As a college education is becoming increasingly necessary for securing better-paying and stable employment in the United States, it was welcome news that the number of Americans age 25 and older who have earned at least a bachelor’s degree surpassed 30 percent in 2011, according to new data from the U.S. Census Bureau.
As the Bureau reported, the 2011 rate (30.4 percent) was up significantly from 1998 when less than 25 percent of the population over 25 held a least a bachelor’s degree.
The Census data also show improvements in the rates among minority groups of people age 25 and older earning a bachelor’s degree or higher. Over the decade, 2001 – 2011, the rate increased by 80 percent among Hispanics, by 47 percent among Blacks, and by 28 percent among Asians. The rate of increase was 24 percent among non-Hispanic whites.
The breakdown among women and men was roughly even, with 30 million men and 31 million women age 25 and over in 2011 having earned at least a bachelor’s degree.
The Bureau’s data also show that the economic advantages of earning a bachelor’s remain. The average earnings of those with only a high school education were $31,000 in 2010, compared with $58,000 for those with a bachelor’s degree.

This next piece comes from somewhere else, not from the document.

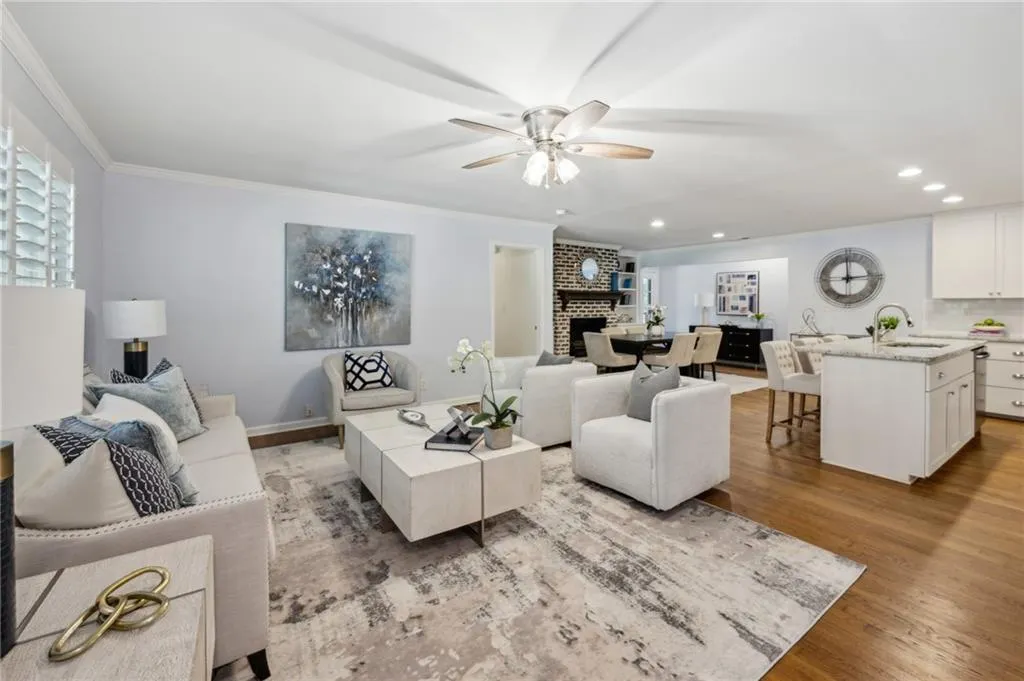 Bright and open floor plan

The benefits of a college education are clear. But with the costs of higher education sky rocketing, it remains equally important that government programs such as Pell Grants — which help make a college education affordable for millions of students — do not get sacrificed in battles over taxes and spending in Washington, D.C. As the Save Pell campaign notes, “For students of color, Pell Grants are particularly important. Nearly half of African-American undergraduates and about 40% of Hispanic undergraduates rely on Pell Grants to attend school.”